▶ _Data extracts_
Content starts

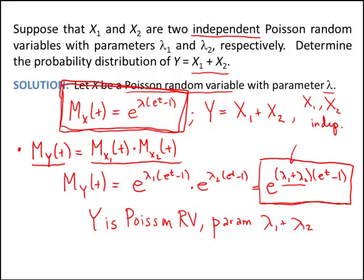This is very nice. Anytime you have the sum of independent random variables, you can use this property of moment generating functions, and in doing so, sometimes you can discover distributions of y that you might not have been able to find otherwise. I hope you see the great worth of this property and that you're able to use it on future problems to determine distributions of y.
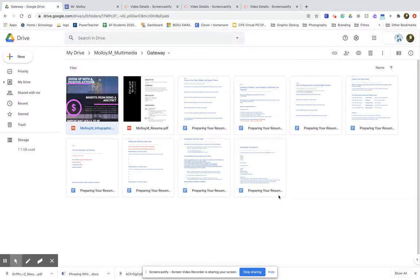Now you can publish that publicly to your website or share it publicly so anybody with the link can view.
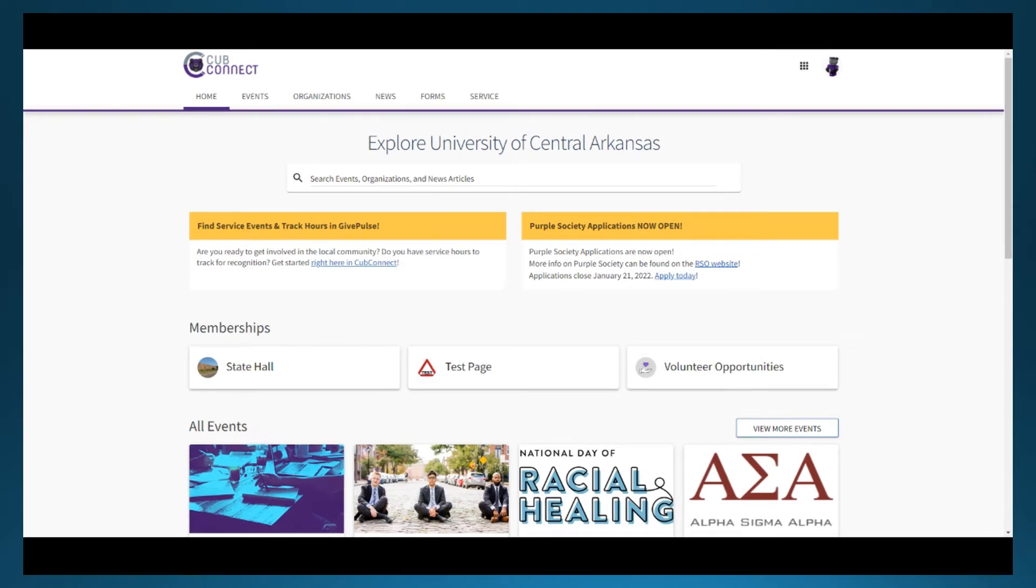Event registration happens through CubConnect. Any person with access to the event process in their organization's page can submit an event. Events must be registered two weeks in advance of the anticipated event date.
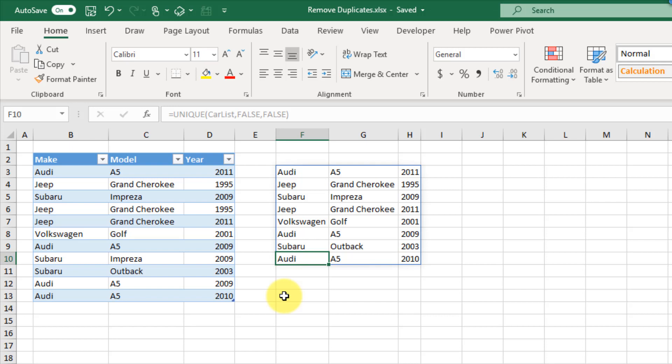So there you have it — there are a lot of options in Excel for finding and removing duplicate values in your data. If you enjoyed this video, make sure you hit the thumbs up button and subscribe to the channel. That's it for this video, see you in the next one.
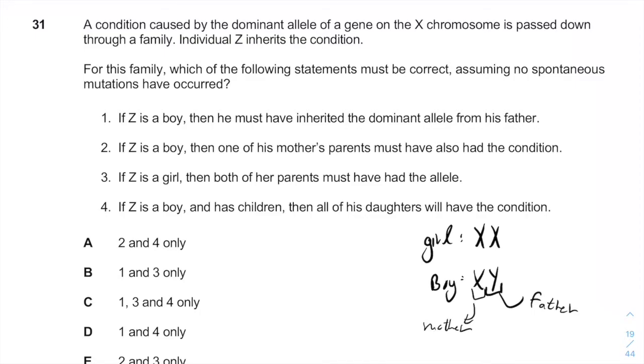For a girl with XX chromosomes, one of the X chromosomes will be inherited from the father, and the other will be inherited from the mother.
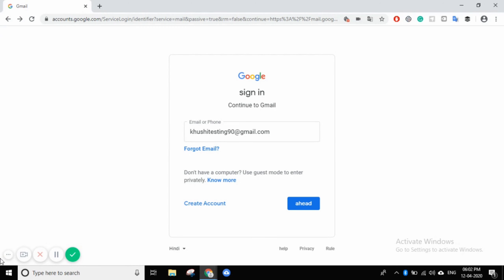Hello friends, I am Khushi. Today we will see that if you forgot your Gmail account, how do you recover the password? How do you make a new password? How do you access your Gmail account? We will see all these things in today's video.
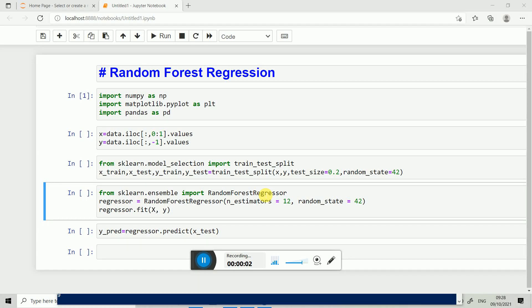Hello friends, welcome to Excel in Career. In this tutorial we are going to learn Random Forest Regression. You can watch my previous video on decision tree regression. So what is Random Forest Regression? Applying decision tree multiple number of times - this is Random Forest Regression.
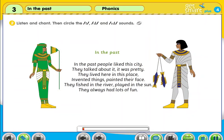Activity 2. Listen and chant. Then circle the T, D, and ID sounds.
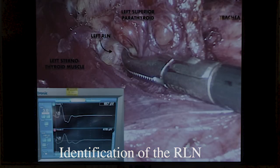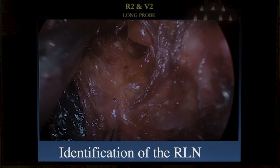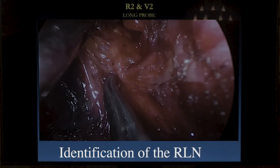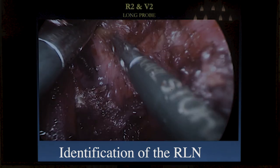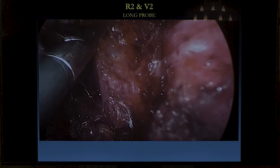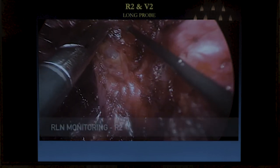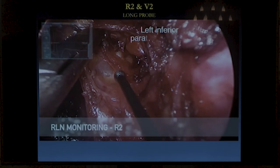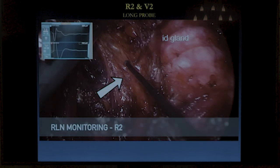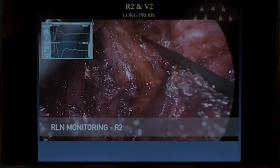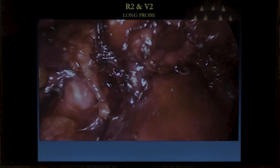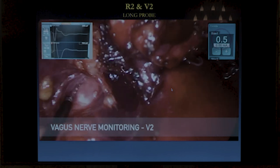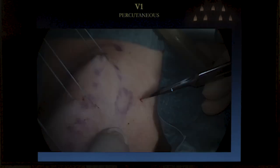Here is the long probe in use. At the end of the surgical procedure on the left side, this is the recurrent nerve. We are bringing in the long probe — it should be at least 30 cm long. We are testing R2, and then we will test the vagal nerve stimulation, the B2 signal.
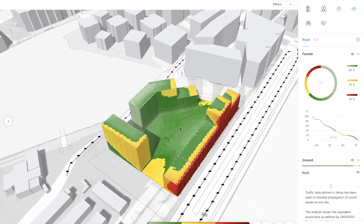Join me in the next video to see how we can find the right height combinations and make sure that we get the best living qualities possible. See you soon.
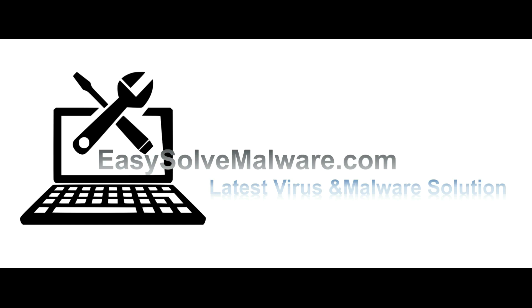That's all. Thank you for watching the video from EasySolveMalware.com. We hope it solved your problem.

Content ends

▶ _What the task requires_
From the line holding "Event registration happens" to the line holding "For a girl with", both included, retype the entries above exactly and drop the pictures.

▶ _Solution to this exercise_
Event registration happens through CubConnect. Any person with access to the event process in their organization's page can submit an event. Events must be registered two weeks in advance of the anticipated event date.
So there you have it — there are a lot of options in Excel for finding and removing duplicate values in your data. If you enjoyed this video, make sure you hit the thumbs up button and subscribe to the channel. That's it for this video, see you in the next one.
For a girl with XX chromosomes, one of the X chromosomes will be inherited from the father, and the other will be inherited from the mother.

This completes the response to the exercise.